From my initial reading, the first few things I noticed were the tag names. Half way through the American literature course, I am glad I am able to figure out tag names - Mrs. Hopewell and Freeman, instead of being oblivious to them, although I may still fail to fully comprehend the meaning.
I read the story twice to fully understand the theme behind it. On the surface it just seemed like a story about how Manley stole the girl’s wooden leg, but deep down, it wasn’t as simple as it seemed. I think Hulga’s wooden leg was not just a physical condition, but a deeper symbol throughout the story. Hulga’s artificial leg, which she is "as sensitive about as a peacock about his tail" is a symbol about her pride and faith, and she is completely dependent upon it.
I think the short story speaks of the need to be not so dependable on anything, and not trust anyone so easily. Manley is taken to be genuine and innocent because of where he is from, how he looks, and what he does. In the end, he turns out to be deceptive, something I would have never even imagined from the descriptions given in the beginning.
Like a famous saying goes, don’t judge the book by its cover, Manley should not have been judged by his outward demeanor. The story depicts the weakness of the human mind, and its urge to judge a person based on limited facts and outwardly demeanor.

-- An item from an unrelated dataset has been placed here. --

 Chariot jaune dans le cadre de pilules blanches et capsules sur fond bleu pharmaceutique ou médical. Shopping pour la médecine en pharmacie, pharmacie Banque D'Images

March 14 (Flannery O’Connor– Good Country People)

By the end of the story, I realize that the title of the story – “Good country people” is in fact an ironic title, based on the climax of the story and hence, the story itself is the total opposite of the preconceived notions one would had about the story based on the title.
One of the other aspects I noticed in the story was that Hulga’s thoughts and feelings expresses the changes people might go through due to physical disability and anguish. Because of her handicap, she believes in nothing and severs all emotional ties to life. Also, she thinks she does not deserved to be called ‘Joy’ and hence, changes her name to Hulga – an ugly name with which she is more content.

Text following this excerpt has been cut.